The Docker container uses the same `.llmockrc.json` as the local setup, mounted as a read-only volume. Update settings and restart to apply changes — no rebuild required:

```bash
vim .llmockrc.json
npm run docker:restart
```

### How Docker Works

The Docker container uses the `--foreground` flag to keep the LLMock server process attached. This prevents the container from restarting continuously, which would happen if the server ran as a detached background process. The container includes:

- **Dockerfile**: Multi-stage Node.js build with security best practices
- **docker-compose.yml**: Port 8001 exposed, config file mounted, health checks
- **docker-start script**: Runs `llmock start --foreground` to keep the server attached

### Manual Docker commands

```bash
docker compose up -d --force-recreate # build and start
docker compose logs -f # view logs
docker compose down --volumes # stop and clean up
docker compose down --volumes && docker compose up -d --force-recreate --build # rebuild
```

> **Note:** LLMock is intended for local development and testing only.

---

## Troubleshooting

**Server not responding**

Confirm the server is running and the port matches `.llmockrc.json`. Open `http://localhost:8001` — if it's unreachable, the server may not have started.

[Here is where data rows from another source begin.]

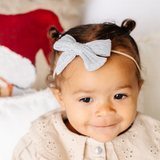 Silver Tinsel Knit Headband Bow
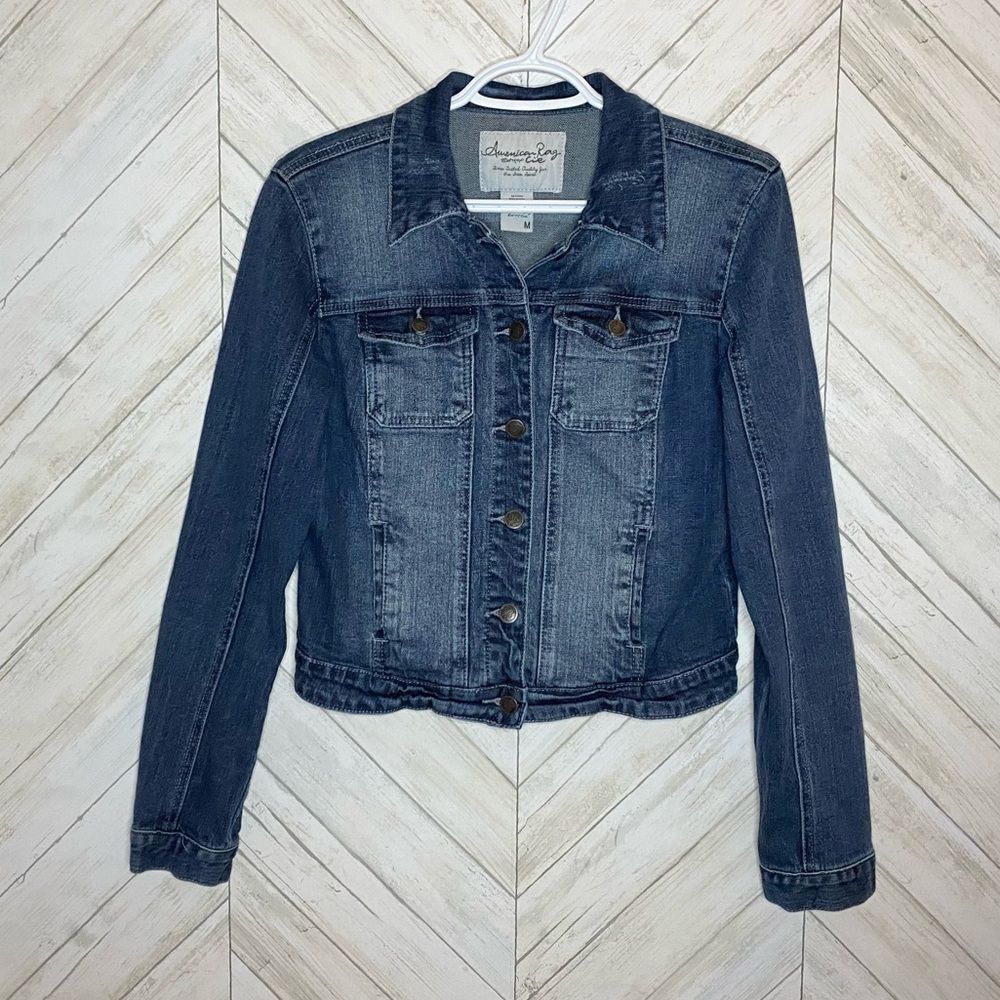 American rag slightly distressed denim jacket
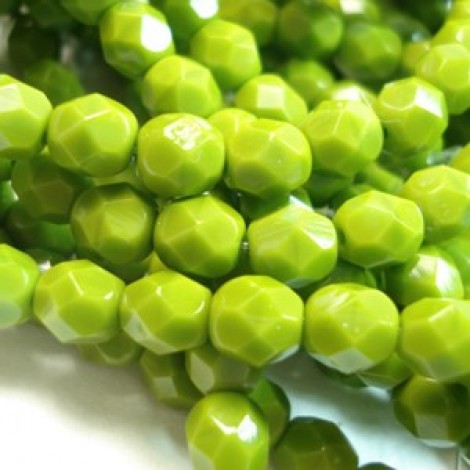 8mm Czech Firepolish Beads - Opaque Olive - Pack of 20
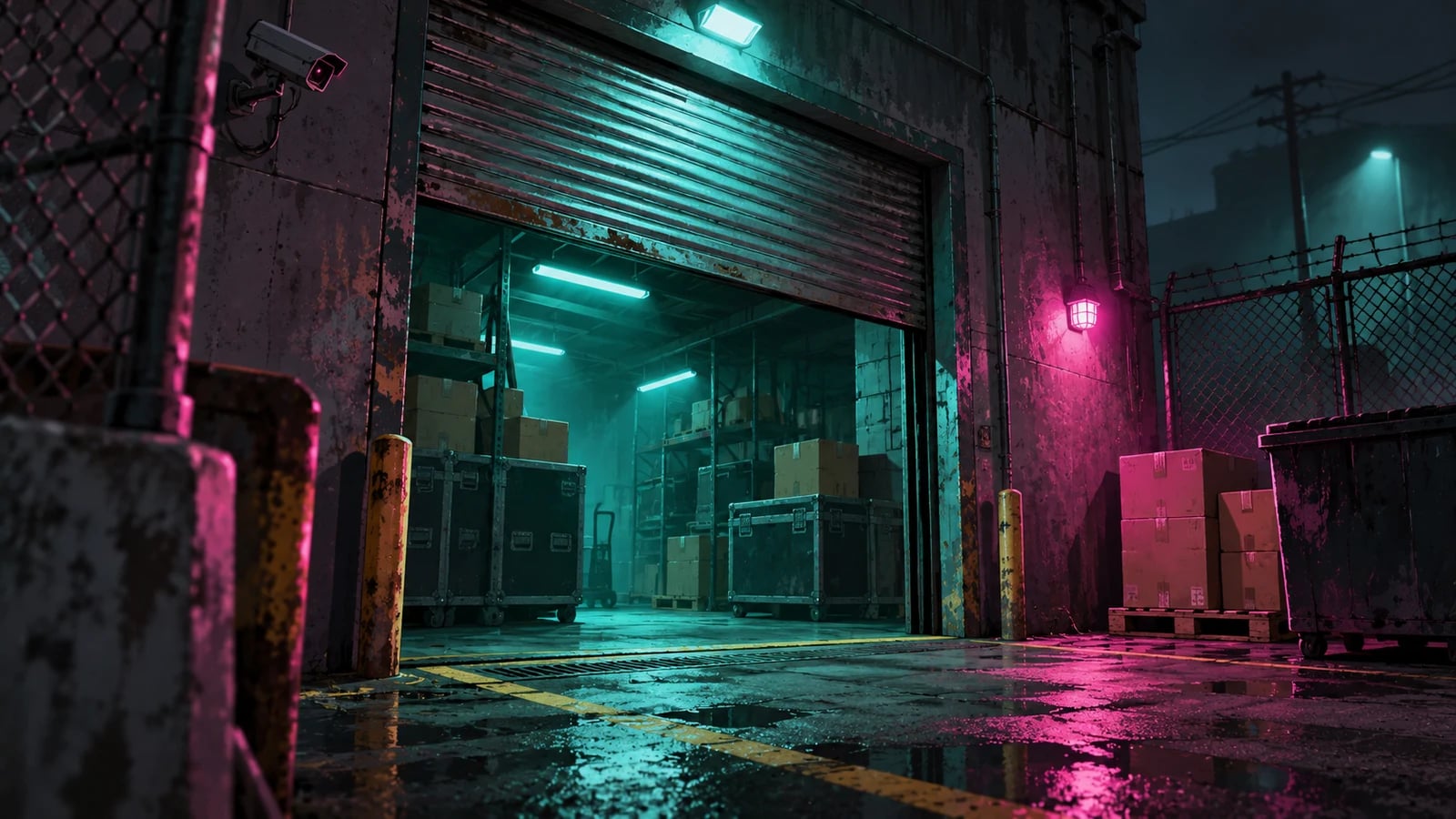 Ilustración editorial generada con IA: entrada de carga de un almacén con cajas, luces verde azuladas y una cerca de malla de noche. No es una captura oficial del juego.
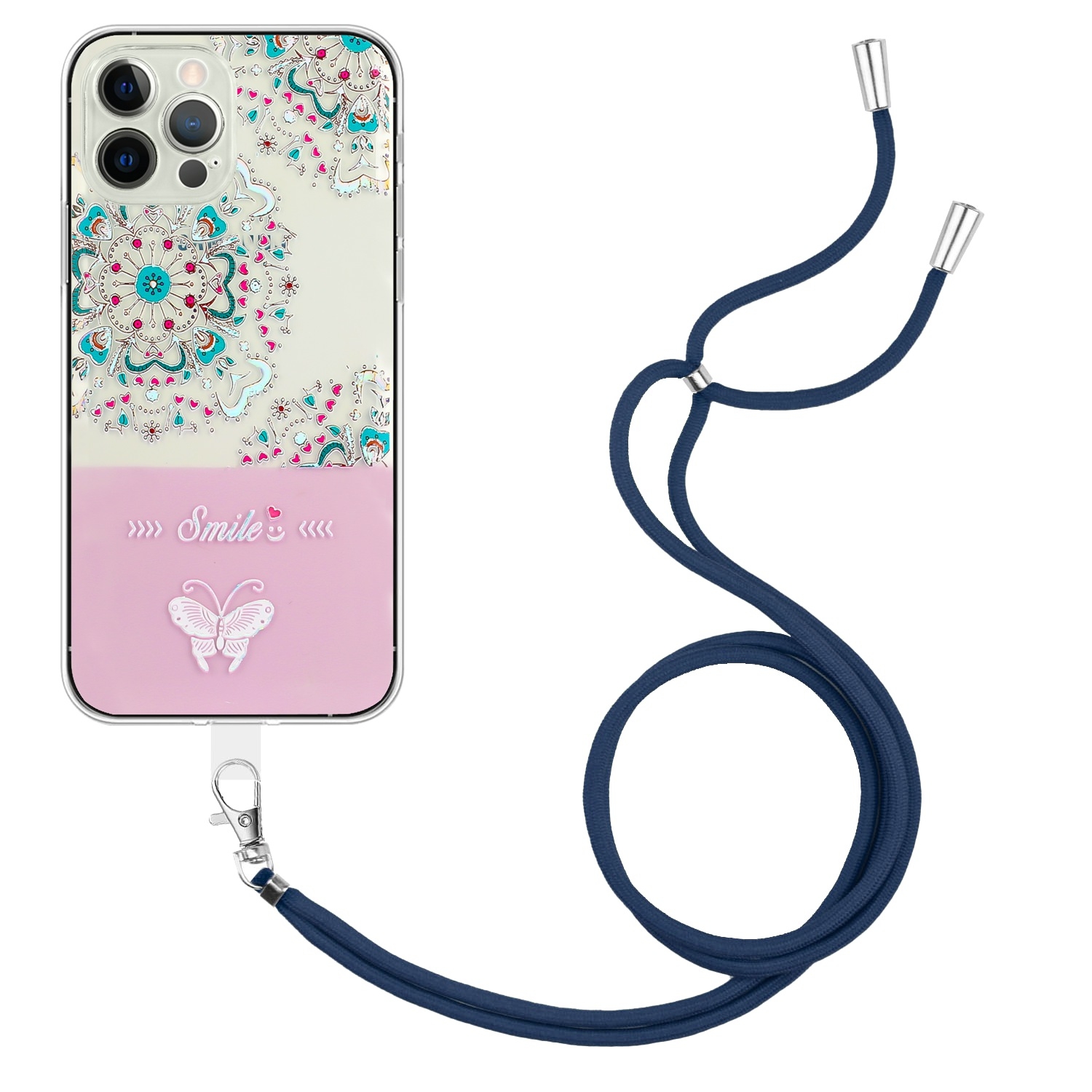 For iPhone 15 Pro Max Bronzing Butterfly Flower TPU Phone Case with Lanyard(Peacock Flower) - Shopkiz.com
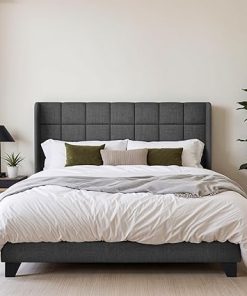 Queen Size Wingback Bed Frame with Stitched Headboard Dark Grey 2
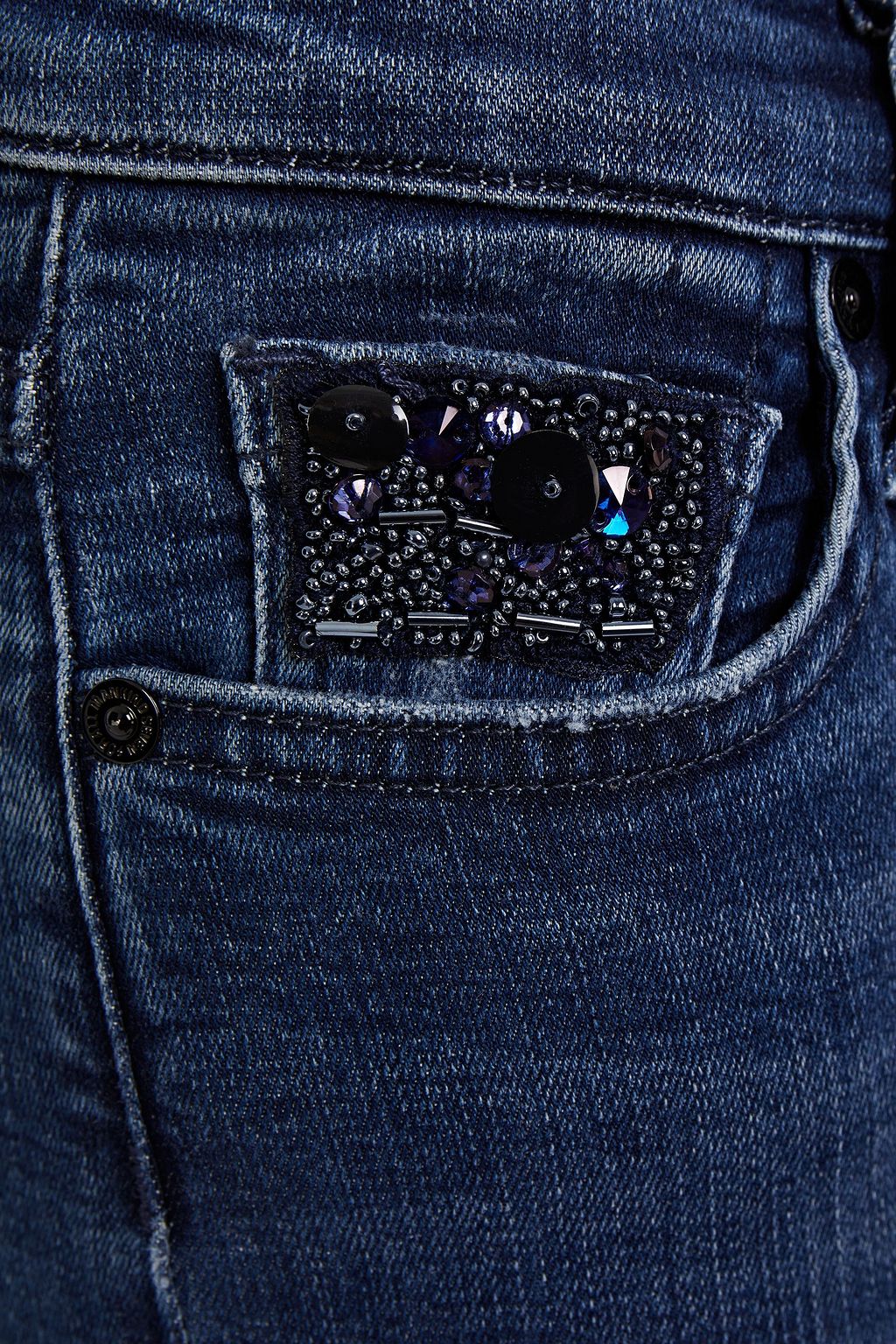 7 FOR ALL MANKIND Embellished distressed mid-rise skinny jeans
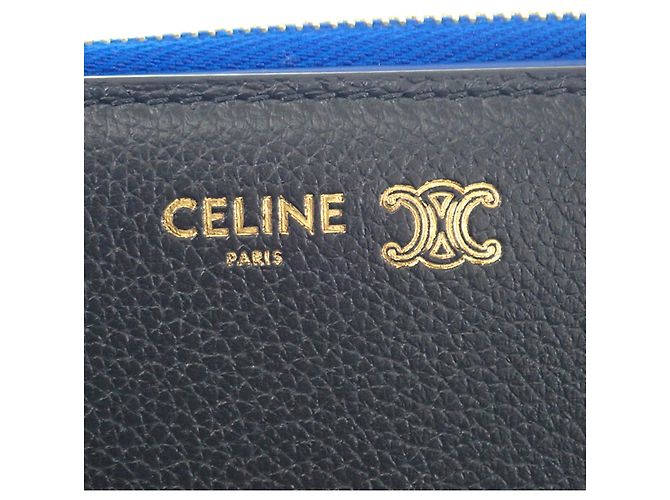 Céline Cartera Compacta Triomphe Celine de Piel de Ternera Granulada Suave Negra Negro - vista 6
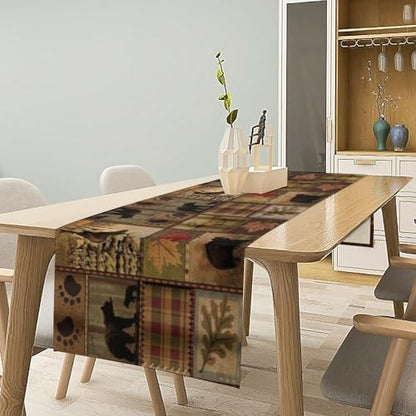 Rustic Moose Deer Bear Table Runner, Retro Vintage Bear Cottage Country Style Cabin Farmhouse Dinner Runner for Home Kitchen Dining Table Decoration 13"x90"
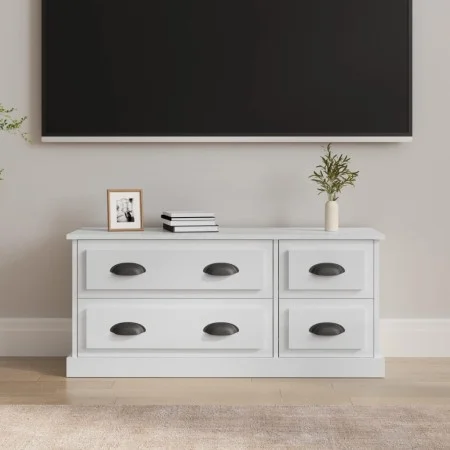 Glossy white plywood TV cabinet 100x35.5x45 cm by vidaXL, TV Furniture - Ref: Foro24-816450, Price: 65,38 €, Discount: %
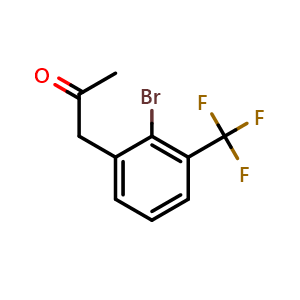 Chemical structure of 1-(2-bromo-3-(trifluoromethyl)phenyl)propan-2-one , CAS 1806354-40-4, AChemBlock U130218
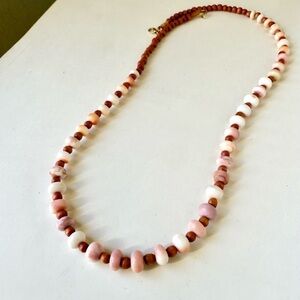 Coral Blush, opal beaded necklace, handmade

![LLM Mock Server error page](images/server-page-err.png)

**Port already in use**

Change the port in `.llmockrc.json` or pass it as a flag:

```bash
llmock start --port=8002
```

**Request validation failures**

- Confirm your request template matches the provider's API format
- Check the request shape at `http://localhost:8001/logs`
- Verify the `name` field in your model config matches the template filename prefix

**Response delays not applied**

Ensure both `responseDelay.min` and `responseDelay.max` are set and greater than `0`, then restart the server.

---

## License

MIT — see [LICENSE](LICENSE) for details.